Quem foi Jesus de Nazaré? Quando viveu como homem há cerca de dois mil anos, as pessoas O percebiam de maneiras diferentes. Desconhecer as profecias, interpretá-las de maneira equivocada ou fazer uso da “teologia do achismo” são fatores que contribuíram para as distorções da pessoa de Cristo. É claro que precisamos considerar as limitações da compreensão humana. Afinal, Deus não cabe em nossa mente. E o assunto fica mais complexo quando Ele decide nascer como ser humano. Não creio que a ciência ou a Teologia consigam desvendar o mistério da encarnação.

O Novo Testamento é simplista. Apresenta Cristo como sendo verdadeiramente Deus e verdadeiramente homem. O pré-requisito para aceitar a mensagem bíblica é a fé. O livro de Hebreus diz que “Sem fé é impossível agradar a Deus...” (Capítulo 11:6).
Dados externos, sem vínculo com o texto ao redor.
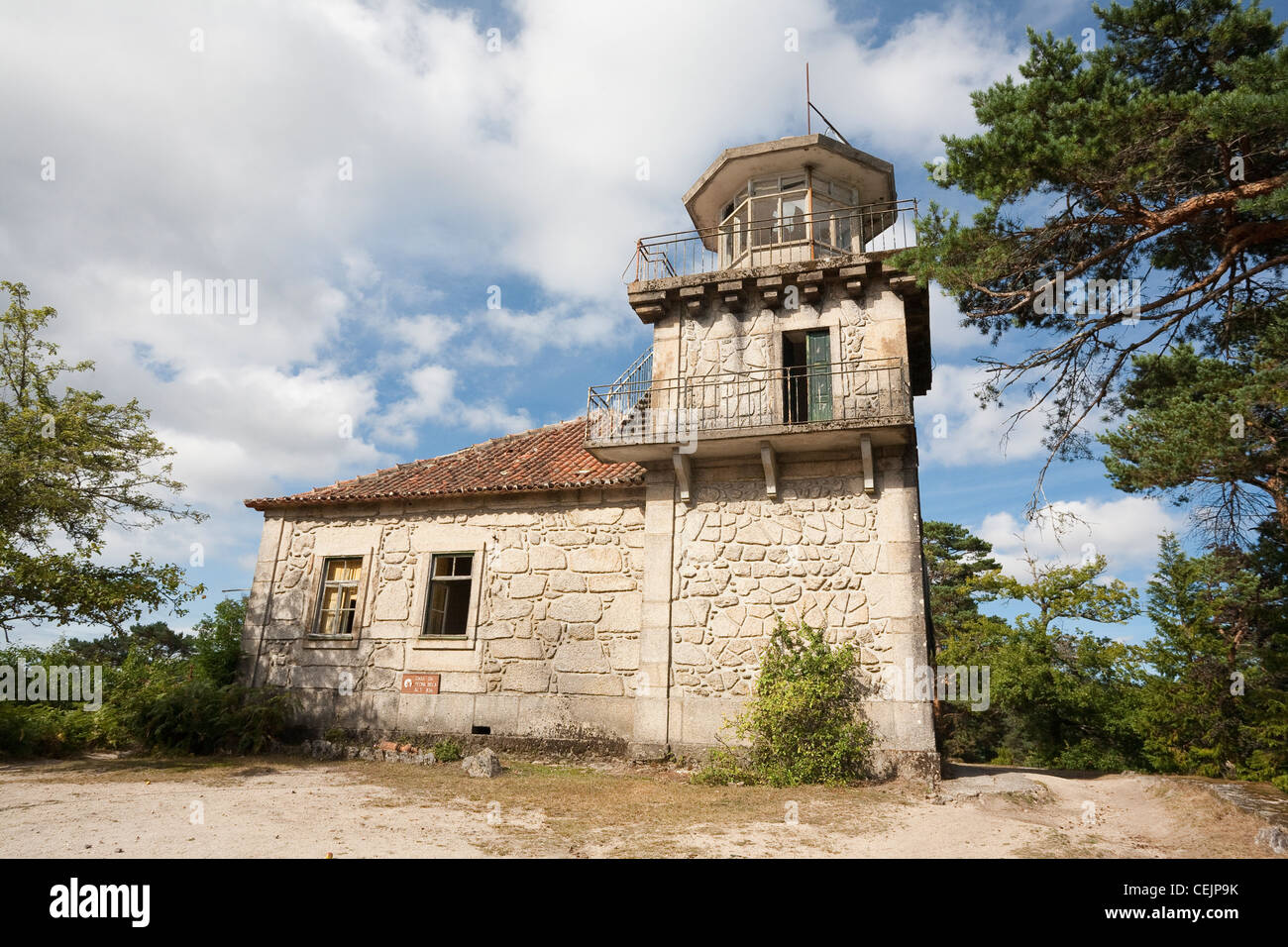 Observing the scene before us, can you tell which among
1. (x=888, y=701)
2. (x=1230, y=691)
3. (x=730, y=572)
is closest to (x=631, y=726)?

Quando o mundo foi “iluminado” pela razão humana e começou a questionar o sobrenatural, não sobrou quase nada da bíblia e do próprio Jesus. Assim, vários movimentos intelectualistas O reinventaram. Ser racional é importante. Deus espera que usemos a mente que nos deu. No entanto, Sua ordem é: “Não se amoldem ao padrão deste mundo, mas transformem-se pela renovação da sua mente, para que sejam capazes de experimentar e comprovar a boa, agradável e perfeita vontade de Deus.” (Romanos 12:2 – NVI). Crer é uma escolha. Para ser capaz de fazê-lo o ser humano precisa reciclar a mente carnal. Segundo Ellen White, também é preciso atitude:

“Não há desculpa para a dúvida ou ceticismo. Deus tomou amplas medidas para estabelecer a fé de todos os homens, caso eles estejam dispostos a tomar sua decisão em face da força das evidências. Se, porém, esperam que sejam removidas todas as aparentes objeções, para então crerem, nunca virão a ficar estabelecidos, arraigados e firmados na verdade. Deus nunca afastará todas as aparentes dificuldades de nosso caminho. Os que desejam duvidar, encontrarão oportunidade para isso; os que desejam crer, acharão abundância de provas em que basearem a fé.” Testemunhos Seletos Vol 1, pág. 582

Enquanto Israel se envergonhava de que o homem da cruz fosse identificado como Rei dos Judeus, os Gregos entendiam ser loucura crer na salvação da morte através de um simples humano (veja I Coríntios 1:18 a 27). Contudo, aqueles que decidiram ter fé encontraram na Pessoa de Cristo a esperança de vida eterna. O fato dos escritores bíblicos registrarem suas convicções não é prova definitiva a favor do cristianismo. Mas, convenhamos: eles não contaram a história de um super-herói bem sucedido. Ao contrário, se concentraram no fato de que Seu reino não seria algo imediato ou desse mundo. Partilharam com os leitores suas próprias fragilidades e fracassos. Quer dizer, não parece que registraram o drama vivido por Cristo e seus discípulos para fazer uma espécie de “marketing” do judaísmo. Fica clara a sua intenção: partilhar a mensagem da salvação na qual acreditavam, embora fosse impopular. Então, aceitar a bíblia implica em receber sua mensagem toda.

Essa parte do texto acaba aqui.